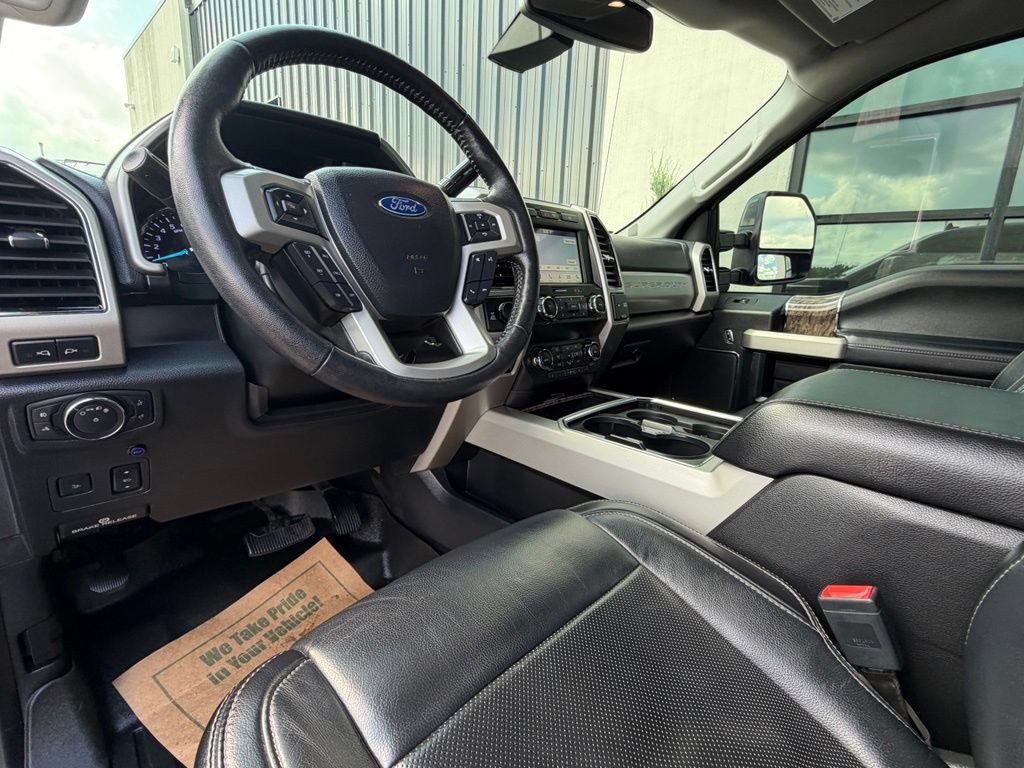 Used 2019 Ford F250 Lariat w/ Lariat Ultimate Package AWD/4WD image 11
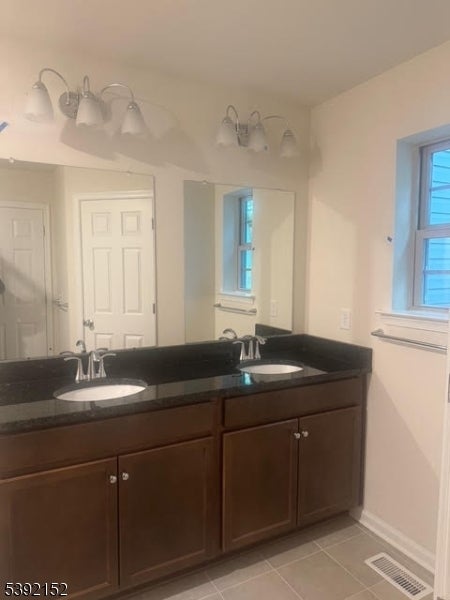 Photo of Listing #3993324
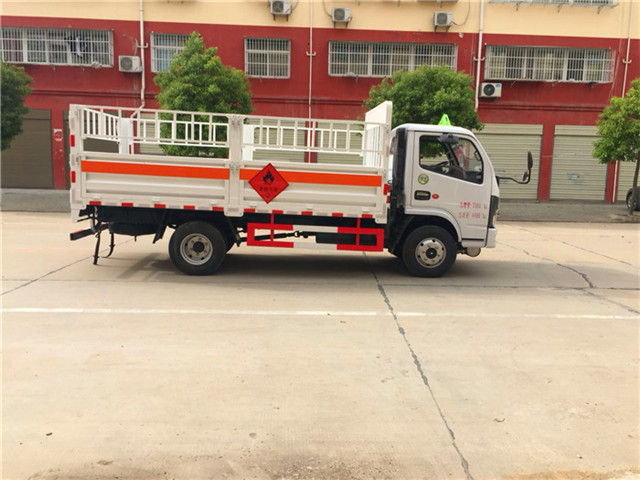 國六藍牌東風多利卡氣瓶運輸車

▸ **About this exercise**
Write out the data exactly, and exclude every picture it holds.

▸ **Your solution**
 Used 2019 Ford F250 Lariat w/ Lariat Ultimate Package AWD/4WD image 11
 Photo of Listing #3993324
 國六藍牌東風多利卡氣瓶運輸車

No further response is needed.